TASK DESCRIPTION: From the line with "Luminaire suspendu à" to the final line, print the records exactly as they are.

INFORMATION SUPPLIED:
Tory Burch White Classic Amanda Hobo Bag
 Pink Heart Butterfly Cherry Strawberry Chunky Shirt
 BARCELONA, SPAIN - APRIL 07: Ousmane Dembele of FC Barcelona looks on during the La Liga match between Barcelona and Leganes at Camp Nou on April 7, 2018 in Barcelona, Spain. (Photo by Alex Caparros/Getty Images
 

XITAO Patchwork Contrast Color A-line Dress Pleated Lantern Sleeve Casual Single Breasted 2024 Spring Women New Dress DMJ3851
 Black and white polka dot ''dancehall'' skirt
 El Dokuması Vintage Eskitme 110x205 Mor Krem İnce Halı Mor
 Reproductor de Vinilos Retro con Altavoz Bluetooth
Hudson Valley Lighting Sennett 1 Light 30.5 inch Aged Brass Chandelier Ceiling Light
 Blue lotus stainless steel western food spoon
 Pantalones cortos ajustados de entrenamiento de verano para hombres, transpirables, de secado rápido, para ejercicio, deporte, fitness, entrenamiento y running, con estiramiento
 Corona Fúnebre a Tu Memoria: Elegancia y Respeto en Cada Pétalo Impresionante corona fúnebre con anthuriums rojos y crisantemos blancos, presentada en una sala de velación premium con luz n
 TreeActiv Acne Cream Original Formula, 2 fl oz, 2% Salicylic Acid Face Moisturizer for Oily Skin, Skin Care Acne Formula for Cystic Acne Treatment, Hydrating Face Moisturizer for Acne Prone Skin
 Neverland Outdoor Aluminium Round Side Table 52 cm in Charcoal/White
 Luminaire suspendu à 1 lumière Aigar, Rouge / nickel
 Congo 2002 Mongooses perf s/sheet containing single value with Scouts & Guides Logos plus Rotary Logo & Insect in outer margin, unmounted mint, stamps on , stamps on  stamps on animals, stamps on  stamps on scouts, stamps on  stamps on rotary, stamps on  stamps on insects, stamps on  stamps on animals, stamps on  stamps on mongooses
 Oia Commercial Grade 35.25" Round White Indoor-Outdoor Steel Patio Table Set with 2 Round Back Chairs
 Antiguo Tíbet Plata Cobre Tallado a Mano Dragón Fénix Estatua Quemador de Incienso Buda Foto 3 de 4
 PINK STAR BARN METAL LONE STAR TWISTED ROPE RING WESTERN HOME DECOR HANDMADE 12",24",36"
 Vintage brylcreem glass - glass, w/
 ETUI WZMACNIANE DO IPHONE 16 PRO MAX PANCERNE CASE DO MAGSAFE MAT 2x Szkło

SOLUTION TO THE PROBLEM:
 Luminaire suspendu à 1 lumière Aigar, Rouge / nickel
 Congo 2002 Mongooses perf s/sheet containing single value with Scouts & Guides Logos plus Rotary Logo & Insect in outer margin, unmounted mint, stamps on , stamps on  stamps on animals, stamps on  stamps on scouts, stamps on  stamps on rotary, stamps on  stamps on insects, stamps on  stamps on animals, stamps on  stamps on mongooses
 Oia Commercial Grade 35.25" Round White Indoor-Outdoor Steel Patio Table Set with 2 Round Back Chairs
 Antiguo Tíbet Plata Cobre Tallado a Mano Dragón Fénix Estatua Quemador de Incienso Buda Foto 3 de 4
 PINK STAR BARN METAL LONE STAR TWISTED ROPE RING WESTERN HOME DECOR HANDMADE 12",24",36"
 Vintage brylcreem glass - glass, w/
 ETUI WZMACNIANE DO IPHONE 16 PRO MAX PANCERNE CASE DO MAGSAFE MAT 2x Szkło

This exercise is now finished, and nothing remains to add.